The church, the adjoining cloister, and chapterhouse contain a store of art treasures and funerary monuments. Especially famous are frescoes by masters of Gothic and early Renaissance. They were financed through the generosity of the most important Florentine families, who ensured themselves of funerary chapels on consecrated ground.

This church was called Novella (New) because it was built on the site of the 9th-century oratory of Santa Maria delle Vigne. When the site was assigned to Dominican Order in 1221, they decided to build a new church and an adjoining cloister. The church was designed by two Dominican friars, Fra Sisto Fiorentino and Fra Ristoro da Campi. Building began in the mid-13th century (about 1246), and was finished about 1360 under the supervision of Friar Iacopo Talenti with the completion of the Romanesque-Gothic bell tower and sacristy. At that time, only the lower part of the Tuscan gothic facade was finished.

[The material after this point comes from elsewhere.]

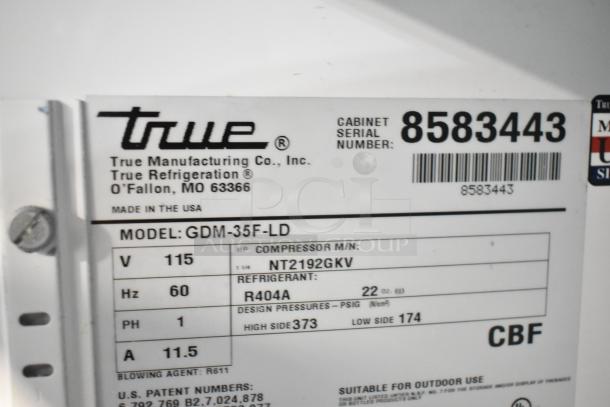 True GDM-35F-LD freezer label showing model, voltage, compressor details; commercial freezer; 115V, 1 phase; serial number 8583443.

The three portals are spanned by round arches, while the rest of the lower part of the facade is spanned by blind arches, separated by pilasters, with below Gothic pointed arches, striped in green and white, capping noblemen's tombs. This same design continues in the adjoining wall around the old churchyard. The church was consecrated in 1420.

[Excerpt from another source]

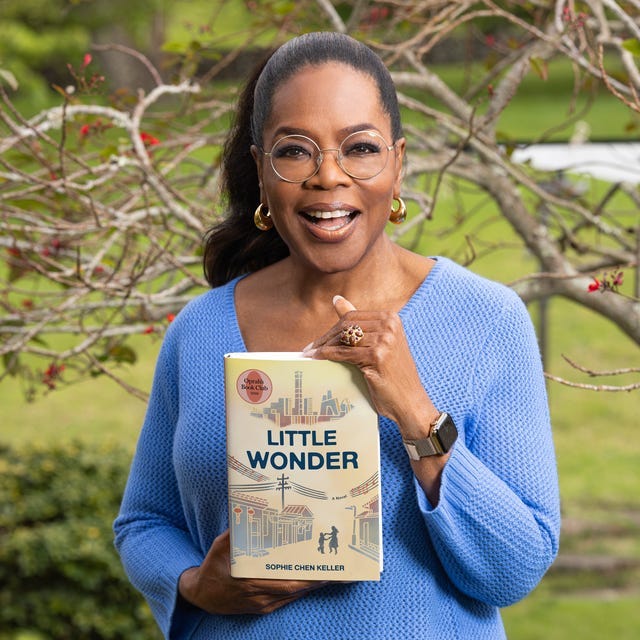 oprah winfrey in blue sweater holding the book "Little Wonder" outside.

On a commission from Giovanni di Paolo Rucellai, a local textile merchant, Leone Battista Alberti designed the upper part of the inlaid black and white marble facade of the church (1456–1470). He was already famous as the architect of the Tempio Malatestiano in Rimini, but even more for his seminal treatise on architecture De Re Aedificatoria, based on the book De Architectura of the classical Roman writer Vitruvius. Alberti had also designed the facade for the Rucellai Palace in Florence.

Alberti attempted to bring the ideals of humanist architecture, proportion and classically-inspired detailing, to bear on the design while also creating harmony with the already existing medieval part of the facade. His contribution consists of a broad frieze decorated with squares and everything above it, including the four white-green pilasters and a round window, crowned by a pediment with the Dominican solar emblem, and flanked on both sides by enormous S-curved volutes. The four columns with Corinthian capitals on the lower part of the facade were also added. The pediment and the frieze are clearly inspired by the antiquity, but the S-curved scrolls in the upper part are new and without precedent in antiquity. The scrolls (or variations of them), found in churches all over Italy, all find their origin here in the design of this church.